1\. Discover the Thing. Watch it, read it, listen to it, whatever.

2\. Lol, this thing is pretty good.

3\. No, no I’m totally not getting into this thing.

4\. This is a casual interest. I’ll just look up fan fiction to see if it exists for this particular thing.

5\. Now I’ll read all of said fan fiction.

6\. Okay, I’ll write something, but just as a one off.

7\. I’ll engage with the source material a million times over, create a blog, create volumes and volumes of fan fiction, interact with other fans…

8\. I actually never bother with the source material anymore, but dear god am I ever writing stuff.

9\. The pairing/character that originally brought me into the fandom bores me now. Time to write about everyone else, especially minor characters with no lines. A lot.

10\. Well, I have nothing else to write about. Better keep going with the Thing.

11\. A new thing?

12\. No, there is no new Thing. I’m just writing a one off fan fic for a random piece of media to test my ability.

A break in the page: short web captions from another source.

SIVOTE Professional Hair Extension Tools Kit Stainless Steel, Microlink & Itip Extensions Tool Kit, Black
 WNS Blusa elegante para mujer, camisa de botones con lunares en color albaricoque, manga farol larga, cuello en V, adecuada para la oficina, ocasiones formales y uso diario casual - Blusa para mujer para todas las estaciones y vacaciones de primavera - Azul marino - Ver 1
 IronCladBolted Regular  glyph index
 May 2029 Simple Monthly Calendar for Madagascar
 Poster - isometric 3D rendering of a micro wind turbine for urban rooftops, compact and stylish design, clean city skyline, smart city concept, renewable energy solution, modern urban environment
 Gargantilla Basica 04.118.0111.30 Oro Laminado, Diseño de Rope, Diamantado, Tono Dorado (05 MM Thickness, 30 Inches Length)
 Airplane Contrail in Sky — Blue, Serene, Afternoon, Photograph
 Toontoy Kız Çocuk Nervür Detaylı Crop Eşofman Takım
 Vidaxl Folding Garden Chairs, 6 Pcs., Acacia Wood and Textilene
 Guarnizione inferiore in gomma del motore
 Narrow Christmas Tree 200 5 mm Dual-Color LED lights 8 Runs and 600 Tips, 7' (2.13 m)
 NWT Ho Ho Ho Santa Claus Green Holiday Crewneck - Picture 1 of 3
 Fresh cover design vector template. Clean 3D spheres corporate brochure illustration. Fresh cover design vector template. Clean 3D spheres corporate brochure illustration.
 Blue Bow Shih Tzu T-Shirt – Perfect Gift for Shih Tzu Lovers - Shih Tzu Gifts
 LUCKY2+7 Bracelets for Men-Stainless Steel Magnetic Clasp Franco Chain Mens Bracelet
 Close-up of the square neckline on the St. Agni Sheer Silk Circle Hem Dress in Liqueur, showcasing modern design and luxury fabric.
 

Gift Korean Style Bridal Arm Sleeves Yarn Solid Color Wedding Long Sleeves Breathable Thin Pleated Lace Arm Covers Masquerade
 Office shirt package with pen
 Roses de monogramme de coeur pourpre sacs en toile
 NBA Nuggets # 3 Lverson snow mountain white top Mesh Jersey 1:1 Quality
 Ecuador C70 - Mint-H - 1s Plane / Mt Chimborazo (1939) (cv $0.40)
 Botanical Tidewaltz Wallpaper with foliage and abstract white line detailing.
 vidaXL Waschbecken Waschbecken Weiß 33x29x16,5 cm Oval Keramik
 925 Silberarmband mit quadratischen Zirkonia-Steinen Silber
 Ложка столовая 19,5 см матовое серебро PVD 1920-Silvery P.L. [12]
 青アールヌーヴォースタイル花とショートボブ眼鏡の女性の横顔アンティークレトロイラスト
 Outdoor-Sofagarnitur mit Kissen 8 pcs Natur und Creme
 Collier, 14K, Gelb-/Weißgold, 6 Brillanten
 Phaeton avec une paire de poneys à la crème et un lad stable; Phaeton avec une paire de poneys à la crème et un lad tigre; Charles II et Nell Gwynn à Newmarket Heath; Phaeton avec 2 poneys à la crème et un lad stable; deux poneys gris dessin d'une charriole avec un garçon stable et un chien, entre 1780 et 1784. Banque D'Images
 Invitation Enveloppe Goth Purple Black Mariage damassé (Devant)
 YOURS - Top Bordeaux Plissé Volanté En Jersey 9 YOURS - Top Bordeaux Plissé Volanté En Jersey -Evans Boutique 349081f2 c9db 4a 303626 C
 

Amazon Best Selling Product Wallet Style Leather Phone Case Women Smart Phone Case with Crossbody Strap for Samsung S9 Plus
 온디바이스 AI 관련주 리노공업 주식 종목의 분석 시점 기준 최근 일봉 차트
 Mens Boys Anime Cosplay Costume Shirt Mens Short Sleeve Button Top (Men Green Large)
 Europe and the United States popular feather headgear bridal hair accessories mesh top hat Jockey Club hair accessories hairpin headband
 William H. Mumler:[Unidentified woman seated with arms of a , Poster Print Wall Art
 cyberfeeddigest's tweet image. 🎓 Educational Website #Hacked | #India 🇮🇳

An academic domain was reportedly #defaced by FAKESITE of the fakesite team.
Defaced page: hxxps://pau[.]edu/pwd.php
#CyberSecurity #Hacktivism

13\. Feel slightly distressed that interest in old Thing has plummeted to zero. Is new Thing worth this sudden investment? Was old Thing?

14\. Years pass. Nostalgia fondness of the old Thing. Ocassional old Thing binges.

15\. Start occasionally writing fic for the old Thing again.


	5. Thoughts about Elitism in the Musical Theatre fandom

Way way back in the early(ish) days of my theatre nerdery, Wicked was the shiny new thing, and god was there ever backlash against it in the theatre fandom. I was active on some of the major theatre forums at the time, and admitting any kind of fondness for the Wicked would have been greeted with approximately the same level of disdain as walking into a room full of eleven-year-olds and telling them your favorite TV program was Barney the Dinosaur.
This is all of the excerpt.